By this point in his presidency, Donald J. Trump was already on his third chief of staff and his third national security adviser and had lost more than half of his original 15 cabinet secretaries. By contrast, none of Mr. Biden’s statutory cabinet members have left. In fact, even Treasury Secretary Janet L. Yellen, who some had speculated might step down after the midterm elections, recently told Mr. Biden that she would stay.

Ms. Tenpas calculates Mr. Biden’s turnover in his most important positions at 40 percent in the first two years, far lower than the 66 percent turnover in the same period under Mr. Trump, although higher than other recent presidents, like Barack Obama, who saw just 24 percent in his first two years.

Still, few of those who left were at the senior-most level or part of the president’s inner circle, which has remained broadly intact. Mr. Biden’s overall turnover rate is higher than it would have been otherwise in part because of turmoil in Vice President Kamala Harris’s office, where staff members have come and gone with more frequency.

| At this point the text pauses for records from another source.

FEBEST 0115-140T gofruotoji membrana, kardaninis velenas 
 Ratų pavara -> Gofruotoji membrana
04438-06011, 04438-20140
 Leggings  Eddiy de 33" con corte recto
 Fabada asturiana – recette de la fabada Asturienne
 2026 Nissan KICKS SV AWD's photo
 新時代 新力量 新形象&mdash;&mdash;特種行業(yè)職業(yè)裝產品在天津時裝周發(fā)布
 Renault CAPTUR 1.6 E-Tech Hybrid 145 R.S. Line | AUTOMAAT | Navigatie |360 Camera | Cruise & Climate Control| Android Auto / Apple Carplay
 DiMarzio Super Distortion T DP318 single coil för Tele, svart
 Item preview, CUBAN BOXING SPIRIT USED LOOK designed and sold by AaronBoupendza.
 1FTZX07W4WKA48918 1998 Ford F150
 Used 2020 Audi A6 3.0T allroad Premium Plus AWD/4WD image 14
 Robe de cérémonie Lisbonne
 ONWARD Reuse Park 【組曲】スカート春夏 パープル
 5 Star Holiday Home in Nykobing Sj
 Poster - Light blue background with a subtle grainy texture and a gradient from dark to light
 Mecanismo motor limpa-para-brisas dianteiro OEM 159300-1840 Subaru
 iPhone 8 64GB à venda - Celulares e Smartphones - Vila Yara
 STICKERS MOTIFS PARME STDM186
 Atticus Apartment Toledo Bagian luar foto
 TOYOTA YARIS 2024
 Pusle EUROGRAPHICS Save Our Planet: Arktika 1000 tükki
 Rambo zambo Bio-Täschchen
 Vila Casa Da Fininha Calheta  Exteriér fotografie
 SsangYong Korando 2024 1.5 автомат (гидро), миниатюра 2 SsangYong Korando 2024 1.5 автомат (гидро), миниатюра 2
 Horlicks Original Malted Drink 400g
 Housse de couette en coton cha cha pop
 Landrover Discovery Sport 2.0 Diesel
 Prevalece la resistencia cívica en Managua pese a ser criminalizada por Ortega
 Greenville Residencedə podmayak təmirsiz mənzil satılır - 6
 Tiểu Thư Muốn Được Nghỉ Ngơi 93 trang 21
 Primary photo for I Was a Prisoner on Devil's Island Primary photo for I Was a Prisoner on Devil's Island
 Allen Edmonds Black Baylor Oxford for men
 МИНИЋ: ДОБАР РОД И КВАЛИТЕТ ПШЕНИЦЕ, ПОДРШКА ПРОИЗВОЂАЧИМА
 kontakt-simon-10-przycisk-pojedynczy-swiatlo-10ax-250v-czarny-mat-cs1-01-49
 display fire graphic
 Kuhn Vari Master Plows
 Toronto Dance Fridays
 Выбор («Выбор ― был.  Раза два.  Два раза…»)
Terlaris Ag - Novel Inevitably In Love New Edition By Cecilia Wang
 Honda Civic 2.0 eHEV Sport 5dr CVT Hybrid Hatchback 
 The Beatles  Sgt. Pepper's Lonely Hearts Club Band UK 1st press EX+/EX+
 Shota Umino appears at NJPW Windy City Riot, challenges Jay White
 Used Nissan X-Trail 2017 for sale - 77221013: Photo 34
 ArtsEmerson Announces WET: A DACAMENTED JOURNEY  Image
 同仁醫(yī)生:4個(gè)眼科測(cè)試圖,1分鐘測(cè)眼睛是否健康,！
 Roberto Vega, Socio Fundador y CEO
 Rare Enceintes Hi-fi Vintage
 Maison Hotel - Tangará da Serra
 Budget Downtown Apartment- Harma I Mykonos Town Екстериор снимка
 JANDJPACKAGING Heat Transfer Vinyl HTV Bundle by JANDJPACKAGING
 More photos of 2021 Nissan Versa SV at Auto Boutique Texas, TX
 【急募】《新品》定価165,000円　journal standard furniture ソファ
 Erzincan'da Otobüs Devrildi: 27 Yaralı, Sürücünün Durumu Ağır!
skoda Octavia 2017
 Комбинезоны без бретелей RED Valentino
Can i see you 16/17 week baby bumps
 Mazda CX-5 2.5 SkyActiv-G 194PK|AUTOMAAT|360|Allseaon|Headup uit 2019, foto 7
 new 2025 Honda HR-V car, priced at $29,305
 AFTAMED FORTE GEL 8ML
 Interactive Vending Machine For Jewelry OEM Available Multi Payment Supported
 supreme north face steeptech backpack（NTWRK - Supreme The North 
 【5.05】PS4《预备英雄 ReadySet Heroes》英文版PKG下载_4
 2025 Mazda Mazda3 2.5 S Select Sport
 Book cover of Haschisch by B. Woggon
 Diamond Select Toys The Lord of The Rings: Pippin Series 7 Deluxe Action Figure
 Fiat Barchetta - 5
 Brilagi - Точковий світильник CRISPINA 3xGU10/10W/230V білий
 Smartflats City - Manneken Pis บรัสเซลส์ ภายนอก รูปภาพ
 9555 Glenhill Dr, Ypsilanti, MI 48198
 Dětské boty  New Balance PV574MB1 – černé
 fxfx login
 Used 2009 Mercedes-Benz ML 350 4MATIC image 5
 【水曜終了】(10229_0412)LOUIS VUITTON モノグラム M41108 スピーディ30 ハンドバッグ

Other departures are anticipated, possibly after the president’s State of the Union address, scheduled for Feb. 7. Brian Deese, the president’s national economic adviser, is expected to leave later this year, while Cecilia Rouse is expected to leave her post as chair of the President’s Council of Economic Advisers to return to Princeton University.

Mr. Klain, 61, who grew up in Indiana, graduated from Georgetown and earned a law degree from Harvard, has now served under three presidents and brought more White House experience to his post than perhaps any of his predecessors. He was associate counsel to President Bill Clinton, counselor to Attorney General Janet Reno and then chief of staff to Vice President Al Gore. A central figure in Mr. Gore’s futile fight to win the election recount in Florida in 2000, Mr. Klain was later played by Kevin Spacey in the 2008 HBO film “Recount.”

Mr. Klain also worked for Mr. Biden’s Senate office and served as Mr. Biden’s chief of staff when he was vice president before becoming Mr. Obama’s Ebola response coordinator. Altogether, he served under nine previous White House chiefs of staff. “I have worked for more White House chiefs of staff than any other White House chief of staff,” Mr. Klain once boasted.